結果表明，注射酪胺2.5 × 10-6 mol shrimp-1、酪胺2.5 × 10-5 mol shrimp-1後0.5、1 及 2小時，其總血球數、不同血球數顯著高於注射saline (控制組)。注射後0.5、1、2 及 4小時，其酚氧化酵素活性及超氧陰離子含量顯著較高。注射後0.5、1 及 4小時，其溶菌酶活性顯著較高。注射後2 及 4小時，其吞噬作用顯著較高。注射後2、4 及 8小時，其清除能力顯著較高。所有的免疫參數在注射酪胺後16小時恢復到對照值。注射酪胺後也顯著地降低病原體溶藻弧菌 (Vibrio alginolyticus) 攻擊的南美白對蝦的死亡率。這些結果表明，神經傳遞物質酪胺能促進免疫系統，並且能增強南美白蝦對於溶藻弧菌 (Vibrio alginolyticus) 的抵抗性。

關鍵字：南美白蝦、酪胺、溶藻弧菌

Abstract
Student ID：M10413003
Title of Thesis：Effects of tyramine on the immune responses of Litopenaeus vannamei
Total page：70
Name of Institute：Department of Aquaculture, National Pingtung University of Science and Technology　　　　　
Graduate date：Jan 16, 2017 Degree conferred：Master
Name of Student：Chen-Shen Li　　　　　Adviser：Winton Cheng
The Contents of Abstract in this thesis：
In this study, we determined the effect of tyramine (TA) on immunity of white shrimp, Litopenaeus vannamei.
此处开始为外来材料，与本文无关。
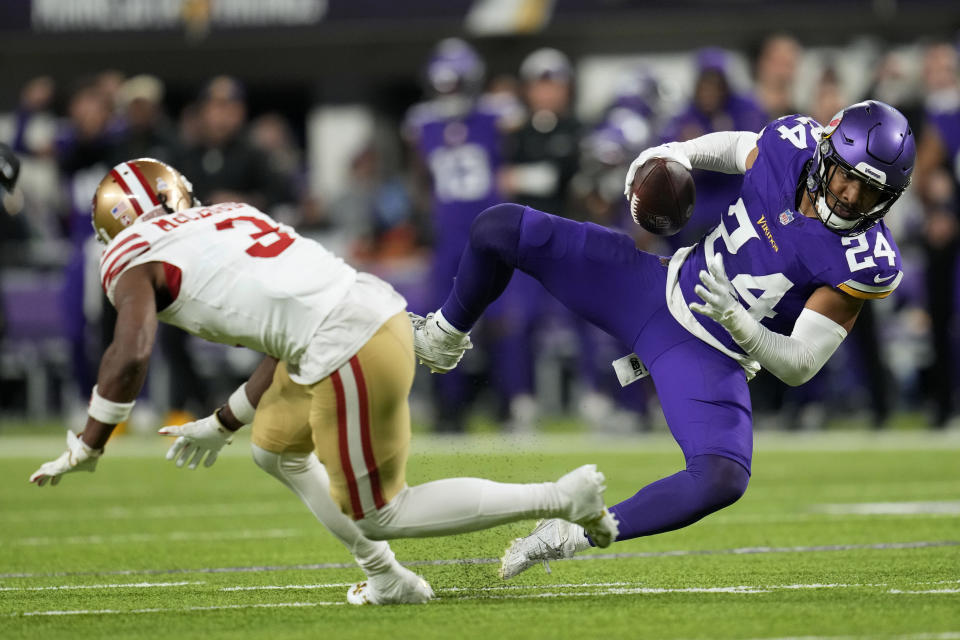 Minnesota Vikings safety Camryn Bynum (24) intercepts a pass intended for San Francisco 49ers wide receiver Ray-Ray McCloud III (3) during the second half of an NFL football game, Monday, Oct. 23, 2023, in Minneapolis. The Vikings won 22-17. (AP Photo/Abbie Parr)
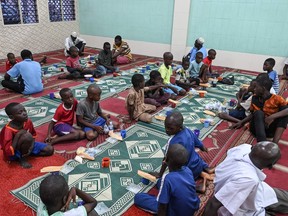 Muslim children wait for the breaking of the fast on the second day of the holy month of Ramadan at a mosque in Treicheville, a popular commune in Abidjan.
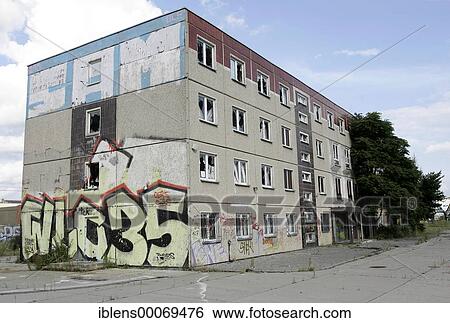 Stock Photograph - Empty block of flats with graffiti on it in East Berlin. Fotosearch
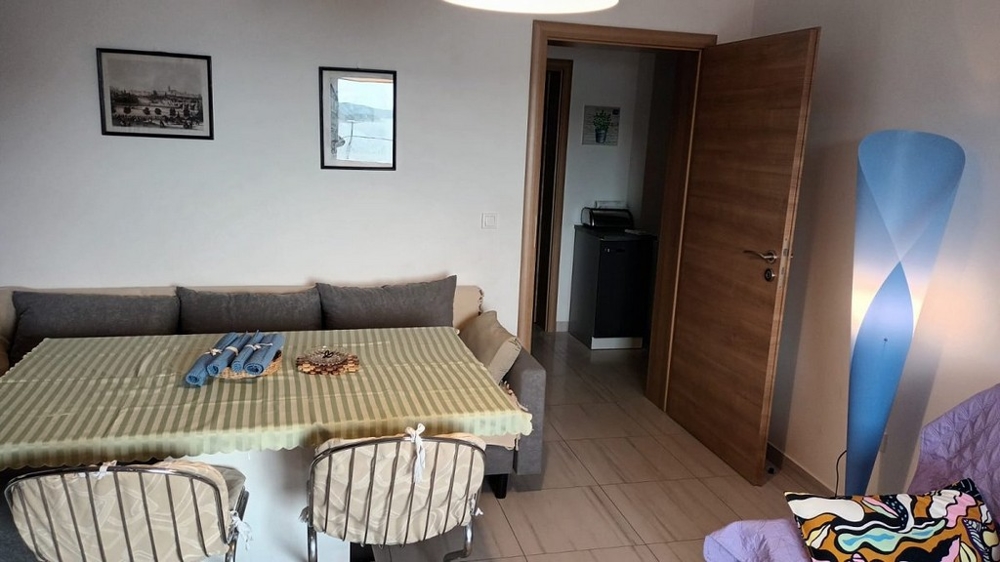 Jídelní kout s jídelním stolem a židlemi, vedle pohovky a otevřenými dveřmi do chodby.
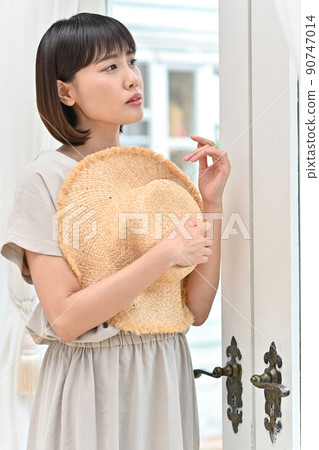 A young woman looking out the window with a straw hat 90747014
The total haemocyte count (THC), different haemocyte count (DHC), phenoloxidase activity, respiratory burst (release of superoxide anion), lysozyme activity, and phagocytic activity and clearance efficiency to the pathogen vibrio alginolyticus were measured when seawater shrimp Litopenaeus vannamei (11.18 ± 0.2) were individually injected with saline, or TA at 2.5 × 10-6 or 2.5 × 10-5 mol shrimp-1.Results showed that DHC and THC from 0.5 to 2 h, PO activity and respiratory burst from 0.5 to 4h, lysozyme activity from 0.5, 1 to 2 h, phagocytic activity from 2 to 4 h, clearance efficiency from 2 to 8 h significantly increased after TA injection at 2.5 × 10-6 or 2.5 × 10-5 mol shrimp-1. All of the immune parameters had returned to control values by 16 h after TA receiving. Injection of TA also significantly decreased the mortality of Litopenaeus vannamei challenged with the pathogen Vibrio alginolyticus. These results suggest that neurotransmitters TA promotes the immune resolution, which in turn enhance the resistance against to Vibrio alginolyticus of shrimp.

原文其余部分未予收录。